Ron Moore was the greatest writer of "Star
Trek," and because of that, I followed him through the various shows he
did afterward (like "Carnivale," "Battlestar Galactica," and
"Roswell**"), but this was asking too much of its audience, like if you
watched MEMENTO but Nolan never clued you in that it's happening in
reverse. It broke my heart a little because it made me feel stupid, and
I have worried over the past six months that I have gotten dumber
(around eighteen IQ points).
I started to watch the second
episode, which takes place in 1969 (years earlier than the previous
one), and didn't include a "Previously on..." to clue me in. And that
episode actually took pains to tell you who people are and what is going
on in the world. Before turning it off, I remembered how FOX didn't
like the pilot episode of "Firefly," wherein everybody meets and goes
off in space together, and commissioned a second episode where the
characters have a typical adventure (which they aired first) . . . but
even that introduced the characters and worked as a stand-alone episode
(which this shit did not). It breaks my heart a little to type all
this.
3/17
So, following up on yesterday's post: I went back to the TV to
continue the second episode of "For All Mankind," and was again baffled
that the second one worked so much better as a pilot than the first one
did, and I thought, "You know, I think I'm going to go online (instead
of continuing to watch) to see if anybody else felt as upset about it as
I did.
So I went online, and to my horror, the description
for the first episode, "Red Moon," did not match ANYTHING that I had
seen the night before. The description was of an episode that did what a
first episode of a television series is supposed to do: set the stage
and the characters so that the audience can understand and root for its
protagonists.
I kept reading. To my further horror, the
episode I watched last night appeared to be Episode 10, the season
finale of the first year of the show. Again, I hung my head, convinced
that I was an idiot.
I went back to the television to
double-check: According to it, I had already viewed the first episode,
and twelve minutes of the second. The tenth episode was unwatched.

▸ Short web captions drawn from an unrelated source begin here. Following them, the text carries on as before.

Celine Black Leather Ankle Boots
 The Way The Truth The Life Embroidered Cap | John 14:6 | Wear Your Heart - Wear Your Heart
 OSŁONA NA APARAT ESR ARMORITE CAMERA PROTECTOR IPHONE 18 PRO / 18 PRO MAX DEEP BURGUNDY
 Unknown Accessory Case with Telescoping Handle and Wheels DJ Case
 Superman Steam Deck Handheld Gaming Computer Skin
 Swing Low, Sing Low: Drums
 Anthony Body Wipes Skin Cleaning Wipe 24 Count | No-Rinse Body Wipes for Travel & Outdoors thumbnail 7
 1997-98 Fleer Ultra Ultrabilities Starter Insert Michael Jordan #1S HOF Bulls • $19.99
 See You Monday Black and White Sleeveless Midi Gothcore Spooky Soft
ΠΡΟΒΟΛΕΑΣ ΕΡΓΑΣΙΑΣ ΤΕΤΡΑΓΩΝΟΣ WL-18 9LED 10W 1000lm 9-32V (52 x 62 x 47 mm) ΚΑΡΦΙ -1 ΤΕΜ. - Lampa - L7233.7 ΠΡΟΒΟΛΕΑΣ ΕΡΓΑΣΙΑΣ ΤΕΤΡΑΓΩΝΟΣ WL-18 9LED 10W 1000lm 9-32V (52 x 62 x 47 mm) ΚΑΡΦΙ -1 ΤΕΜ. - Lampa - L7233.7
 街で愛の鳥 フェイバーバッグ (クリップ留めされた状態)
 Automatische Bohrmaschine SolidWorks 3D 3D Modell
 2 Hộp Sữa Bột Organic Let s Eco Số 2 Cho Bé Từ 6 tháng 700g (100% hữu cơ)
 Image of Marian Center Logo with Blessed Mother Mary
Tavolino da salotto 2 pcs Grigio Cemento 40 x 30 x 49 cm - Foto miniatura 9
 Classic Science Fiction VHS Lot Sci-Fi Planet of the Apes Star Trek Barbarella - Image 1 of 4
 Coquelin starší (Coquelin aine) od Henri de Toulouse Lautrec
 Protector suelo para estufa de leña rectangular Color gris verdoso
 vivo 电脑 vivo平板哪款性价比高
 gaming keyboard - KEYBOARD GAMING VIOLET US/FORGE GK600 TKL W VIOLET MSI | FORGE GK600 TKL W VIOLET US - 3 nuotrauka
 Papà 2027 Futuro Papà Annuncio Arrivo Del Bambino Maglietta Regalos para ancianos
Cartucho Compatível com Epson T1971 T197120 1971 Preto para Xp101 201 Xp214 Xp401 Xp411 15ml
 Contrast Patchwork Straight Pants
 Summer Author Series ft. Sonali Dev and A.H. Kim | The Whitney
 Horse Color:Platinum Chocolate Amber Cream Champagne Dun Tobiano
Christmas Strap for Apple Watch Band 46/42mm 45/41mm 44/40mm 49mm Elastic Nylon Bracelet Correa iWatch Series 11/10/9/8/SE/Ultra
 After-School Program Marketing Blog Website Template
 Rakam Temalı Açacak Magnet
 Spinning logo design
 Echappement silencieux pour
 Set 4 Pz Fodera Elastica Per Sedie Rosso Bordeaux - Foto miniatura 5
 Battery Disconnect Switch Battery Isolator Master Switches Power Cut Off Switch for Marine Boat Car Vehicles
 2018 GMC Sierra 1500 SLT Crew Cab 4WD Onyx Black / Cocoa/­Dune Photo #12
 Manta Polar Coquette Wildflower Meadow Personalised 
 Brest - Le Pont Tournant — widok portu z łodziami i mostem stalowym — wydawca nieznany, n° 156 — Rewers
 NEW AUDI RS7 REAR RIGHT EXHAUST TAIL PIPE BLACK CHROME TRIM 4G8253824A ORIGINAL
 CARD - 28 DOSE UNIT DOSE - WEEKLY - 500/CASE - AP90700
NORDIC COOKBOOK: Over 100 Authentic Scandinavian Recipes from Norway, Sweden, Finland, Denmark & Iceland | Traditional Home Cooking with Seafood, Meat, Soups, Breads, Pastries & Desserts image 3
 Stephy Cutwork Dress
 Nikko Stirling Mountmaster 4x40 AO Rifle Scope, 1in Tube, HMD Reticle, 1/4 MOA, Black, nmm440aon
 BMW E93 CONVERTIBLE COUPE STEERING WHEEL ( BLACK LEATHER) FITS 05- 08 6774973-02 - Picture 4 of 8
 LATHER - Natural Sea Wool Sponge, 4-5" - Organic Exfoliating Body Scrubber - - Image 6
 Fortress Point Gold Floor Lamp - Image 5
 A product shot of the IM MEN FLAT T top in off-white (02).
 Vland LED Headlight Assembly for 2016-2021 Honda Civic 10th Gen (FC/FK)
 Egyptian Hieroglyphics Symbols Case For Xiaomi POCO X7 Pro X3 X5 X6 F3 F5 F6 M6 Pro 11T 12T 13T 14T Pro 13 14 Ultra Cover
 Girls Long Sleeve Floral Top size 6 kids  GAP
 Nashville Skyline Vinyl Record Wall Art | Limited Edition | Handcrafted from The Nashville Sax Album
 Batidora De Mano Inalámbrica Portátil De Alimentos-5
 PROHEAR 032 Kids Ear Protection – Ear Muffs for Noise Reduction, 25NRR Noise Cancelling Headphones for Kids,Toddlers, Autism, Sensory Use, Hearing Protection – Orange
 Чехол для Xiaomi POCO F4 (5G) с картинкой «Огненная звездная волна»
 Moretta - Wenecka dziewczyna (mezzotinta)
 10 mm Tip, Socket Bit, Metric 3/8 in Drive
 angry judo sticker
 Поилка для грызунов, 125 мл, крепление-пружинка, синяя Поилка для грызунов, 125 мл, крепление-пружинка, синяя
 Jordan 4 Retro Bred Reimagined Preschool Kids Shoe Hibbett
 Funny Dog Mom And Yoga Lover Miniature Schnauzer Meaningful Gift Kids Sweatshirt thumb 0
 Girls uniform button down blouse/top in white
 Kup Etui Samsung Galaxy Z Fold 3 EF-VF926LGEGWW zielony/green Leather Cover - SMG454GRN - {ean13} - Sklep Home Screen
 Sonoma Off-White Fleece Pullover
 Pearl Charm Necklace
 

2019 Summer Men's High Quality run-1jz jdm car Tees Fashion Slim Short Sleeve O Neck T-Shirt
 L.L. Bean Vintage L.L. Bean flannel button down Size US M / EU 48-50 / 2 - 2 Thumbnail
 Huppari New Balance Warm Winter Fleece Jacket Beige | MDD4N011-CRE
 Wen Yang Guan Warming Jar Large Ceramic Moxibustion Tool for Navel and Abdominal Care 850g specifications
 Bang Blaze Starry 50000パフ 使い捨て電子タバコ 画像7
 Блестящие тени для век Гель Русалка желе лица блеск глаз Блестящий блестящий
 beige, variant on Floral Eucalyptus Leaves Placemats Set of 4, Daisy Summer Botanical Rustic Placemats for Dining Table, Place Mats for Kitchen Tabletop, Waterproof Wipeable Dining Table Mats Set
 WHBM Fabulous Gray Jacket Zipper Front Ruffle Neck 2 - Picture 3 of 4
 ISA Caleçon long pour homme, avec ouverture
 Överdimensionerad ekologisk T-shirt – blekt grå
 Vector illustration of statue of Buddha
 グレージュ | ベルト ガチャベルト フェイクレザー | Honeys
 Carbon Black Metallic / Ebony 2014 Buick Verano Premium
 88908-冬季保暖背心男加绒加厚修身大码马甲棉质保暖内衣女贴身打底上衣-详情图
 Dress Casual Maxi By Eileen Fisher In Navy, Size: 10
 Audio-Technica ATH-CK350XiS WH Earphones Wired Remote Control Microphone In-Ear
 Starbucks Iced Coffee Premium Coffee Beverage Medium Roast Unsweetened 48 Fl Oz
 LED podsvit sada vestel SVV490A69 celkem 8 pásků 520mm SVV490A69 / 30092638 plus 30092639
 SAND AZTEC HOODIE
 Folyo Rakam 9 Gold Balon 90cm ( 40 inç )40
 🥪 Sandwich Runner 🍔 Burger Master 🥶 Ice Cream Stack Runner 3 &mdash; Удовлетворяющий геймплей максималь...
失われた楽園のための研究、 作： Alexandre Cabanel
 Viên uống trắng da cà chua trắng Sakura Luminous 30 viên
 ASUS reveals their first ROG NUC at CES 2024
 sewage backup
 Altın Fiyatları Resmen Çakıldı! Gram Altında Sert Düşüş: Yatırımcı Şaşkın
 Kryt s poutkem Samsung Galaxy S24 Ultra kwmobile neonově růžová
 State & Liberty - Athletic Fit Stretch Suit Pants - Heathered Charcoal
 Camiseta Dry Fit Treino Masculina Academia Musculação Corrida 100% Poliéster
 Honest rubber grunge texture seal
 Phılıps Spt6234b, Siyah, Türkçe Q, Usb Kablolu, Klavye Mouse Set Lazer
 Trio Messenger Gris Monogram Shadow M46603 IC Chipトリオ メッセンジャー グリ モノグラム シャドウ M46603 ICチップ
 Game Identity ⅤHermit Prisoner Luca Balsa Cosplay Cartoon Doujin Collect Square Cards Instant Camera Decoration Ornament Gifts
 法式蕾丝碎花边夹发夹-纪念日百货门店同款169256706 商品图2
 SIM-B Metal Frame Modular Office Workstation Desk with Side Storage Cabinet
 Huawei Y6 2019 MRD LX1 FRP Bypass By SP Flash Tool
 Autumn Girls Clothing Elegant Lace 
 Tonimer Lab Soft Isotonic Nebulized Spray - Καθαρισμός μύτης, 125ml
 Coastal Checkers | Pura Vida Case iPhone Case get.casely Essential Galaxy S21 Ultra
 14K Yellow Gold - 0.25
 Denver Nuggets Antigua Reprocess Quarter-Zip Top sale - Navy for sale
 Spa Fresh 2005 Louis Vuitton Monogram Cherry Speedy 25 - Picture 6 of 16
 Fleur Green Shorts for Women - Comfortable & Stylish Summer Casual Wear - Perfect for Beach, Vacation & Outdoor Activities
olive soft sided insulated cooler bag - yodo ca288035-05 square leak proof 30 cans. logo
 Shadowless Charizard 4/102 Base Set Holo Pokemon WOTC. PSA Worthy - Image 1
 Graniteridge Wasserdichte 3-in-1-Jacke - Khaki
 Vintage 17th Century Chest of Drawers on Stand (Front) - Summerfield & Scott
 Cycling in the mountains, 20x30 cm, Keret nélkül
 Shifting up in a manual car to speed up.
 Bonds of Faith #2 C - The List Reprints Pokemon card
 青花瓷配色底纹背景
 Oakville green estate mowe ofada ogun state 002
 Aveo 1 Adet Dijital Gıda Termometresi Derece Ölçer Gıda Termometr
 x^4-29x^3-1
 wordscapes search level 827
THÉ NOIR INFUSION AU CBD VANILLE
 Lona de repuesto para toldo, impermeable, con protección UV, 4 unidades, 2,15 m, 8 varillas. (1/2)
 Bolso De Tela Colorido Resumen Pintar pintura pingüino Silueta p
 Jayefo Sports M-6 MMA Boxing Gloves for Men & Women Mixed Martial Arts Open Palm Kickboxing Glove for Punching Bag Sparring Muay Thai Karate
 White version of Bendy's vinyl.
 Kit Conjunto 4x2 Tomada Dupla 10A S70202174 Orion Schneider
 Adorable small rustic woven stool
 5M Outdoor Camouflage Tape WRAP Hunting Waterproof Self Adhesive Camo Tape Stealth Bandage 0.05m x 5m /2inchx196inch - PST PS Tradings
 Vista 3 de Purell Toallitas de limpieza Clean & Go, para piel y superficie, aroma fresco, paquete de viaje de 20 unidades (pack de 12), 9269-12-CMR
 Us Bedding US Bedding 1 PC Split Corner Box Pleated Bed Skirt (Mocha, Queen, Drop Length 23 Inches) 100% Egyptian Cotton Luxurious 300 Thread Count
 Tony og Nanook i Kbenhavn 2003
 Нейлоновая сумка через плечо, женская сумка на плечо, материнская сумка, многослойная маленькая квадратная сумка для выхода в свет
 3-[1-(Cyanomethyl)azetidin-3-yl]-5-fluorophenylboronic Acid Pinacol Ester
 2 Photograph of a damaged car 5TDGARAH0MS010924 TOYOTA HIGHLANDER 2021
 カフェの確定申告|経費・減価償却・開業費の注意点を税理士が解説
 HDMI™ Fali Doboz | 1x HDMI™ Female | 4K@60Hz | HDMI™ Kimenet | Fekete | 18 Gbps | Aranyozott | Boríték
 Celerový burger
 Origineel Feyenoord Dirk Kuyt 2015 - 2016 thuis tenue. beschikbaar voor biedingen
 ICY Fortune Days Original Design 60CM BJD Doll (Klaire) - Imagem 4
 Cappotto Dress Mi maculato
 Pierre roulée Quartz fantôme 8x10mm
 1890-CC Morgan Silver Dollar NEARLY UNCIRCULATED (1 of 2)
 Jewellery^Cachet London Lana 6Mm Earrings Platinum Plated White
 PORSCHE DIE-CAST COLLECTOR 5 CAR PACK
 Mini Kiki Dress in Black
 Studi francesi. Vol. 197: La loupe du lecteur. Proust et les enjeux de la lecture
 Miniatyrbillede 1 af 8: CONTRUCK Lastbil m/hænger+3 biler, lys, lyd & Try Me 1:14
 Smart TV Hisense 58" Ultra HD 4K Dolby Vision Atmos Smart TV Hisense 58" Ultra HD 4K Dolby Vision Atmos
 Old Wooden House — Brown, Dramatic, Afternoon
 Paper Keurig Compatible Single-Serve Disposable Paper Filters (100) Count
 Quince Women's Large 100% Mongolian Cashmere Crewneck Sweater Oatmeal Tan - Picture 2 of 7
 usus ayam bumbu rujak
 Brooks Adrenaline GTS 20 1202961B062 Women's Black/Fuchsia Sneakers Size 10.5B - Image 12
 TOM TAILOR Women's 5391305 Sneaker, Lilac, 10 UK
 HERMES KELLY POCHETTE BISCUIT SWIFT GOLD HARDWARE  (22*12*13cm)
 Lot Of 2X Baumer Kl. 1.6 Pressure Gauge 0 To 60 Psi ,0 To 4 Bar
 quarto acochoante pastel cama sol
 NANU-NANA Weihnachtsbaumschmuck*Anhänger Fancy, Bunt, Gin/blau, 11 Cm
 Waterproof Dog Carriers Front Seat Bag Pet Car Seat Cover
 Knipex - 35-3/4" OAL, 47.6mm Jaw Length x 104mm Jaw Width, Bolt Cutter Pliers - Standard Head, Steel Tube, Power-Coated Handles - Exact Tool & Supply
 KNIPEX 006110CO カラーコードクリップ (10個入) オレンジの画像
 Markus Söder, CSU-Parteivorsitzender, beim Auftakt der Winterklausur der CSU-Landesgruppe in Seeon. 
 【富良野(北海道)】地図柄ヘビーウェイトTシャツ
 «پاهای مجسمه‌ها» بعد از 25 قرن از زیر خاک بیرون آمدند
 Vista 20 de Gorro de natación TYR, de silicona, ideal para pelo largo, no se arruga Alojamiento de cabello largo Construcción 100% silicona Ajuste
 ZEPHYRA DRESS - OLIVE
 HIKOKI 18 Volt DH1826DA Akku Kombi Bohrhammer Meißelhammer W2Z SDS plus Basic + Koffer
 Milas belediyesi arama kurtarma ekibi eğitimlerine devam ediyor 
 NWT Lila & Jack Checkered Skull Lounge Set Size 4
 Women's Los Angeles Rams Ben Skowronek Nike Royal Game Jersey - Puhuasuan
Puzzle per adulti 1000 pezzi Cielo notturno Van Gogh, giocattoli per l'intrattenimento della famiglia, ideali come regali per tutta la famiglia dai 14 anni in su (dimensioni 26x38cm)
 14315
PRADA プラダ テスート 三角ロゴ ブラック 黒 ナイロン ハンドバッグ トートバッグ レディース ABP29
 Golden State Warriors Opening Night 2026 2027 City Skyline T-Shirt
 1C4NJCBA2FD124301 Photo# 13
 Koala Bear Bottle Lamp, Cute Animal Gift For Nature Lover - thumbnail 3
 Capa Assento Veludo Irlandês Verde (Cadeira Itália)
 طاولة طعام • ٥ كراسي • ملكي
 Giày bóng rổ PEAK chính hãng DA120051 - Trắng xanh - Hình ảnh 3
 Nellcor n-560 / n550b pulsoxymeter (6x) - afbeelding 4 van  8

I no longer blame myself or Ron Moore. And not really even you, to be honest.***
Now I'm at the library again, where I chose to write this rather than write fiction. But ah well, I can do both.
3/18
I did check again last night to see if, maybe,
the first episode had been fixed, but no, it was still the tenth. And I
tried watching the tenth, just in case they were switched (it's the
sort of mistake I would make), but it was also the tenth episode. So I
just went ahead and finished watching the second episode, then went on
to the third. And I really, really like it. The Soviets beat America
to the moon, and so the Space Race continues, and at the end of the
second episodes, Russia puts a female cosmonaut on the moon, and
suddenly, America needs to put their own women (including blacks,
lesbians, and
be-otches) into space as well.
There's really no way I'll be
able to watch all of the episodes in the hours I have left (of the free
preview), but I almost never get to the end of any show anymore, whether
I want to or not.
Oh, and I went for a run again tonight, not that that's what I came here to talk about.
3/19
I watched another two episodes last night. I like
it so much, I think, if the first episode had shown up first (like it
was supposed to), I'd be on episode nine or ten by now, instead of
episode five.
I've said this before and I'll say it again:
a lot of people decide they want to be writers when they see something
really bad (and realize they could do better) or see something great and
are inspired to imitate it.
For the last hour, I've sat here
at the library, thinking about writing but not necessarily writing, and
spending (wasting?) a ton of time reading about the fates of the
characters on "For All Mankind" in our universe. I did, however, submit
my short story ("Fountain of Knowledge") to the contest, after having
been informed by Marshal Latham, that he beat me to it (and good for
him).
It will not win, but I didn't really write it for that.
3/20
I couple of days ago, I got one of those emails that said, "There was a data breech at our company, and it is recommended that you change your password." I ignored it, which is my solution to everything.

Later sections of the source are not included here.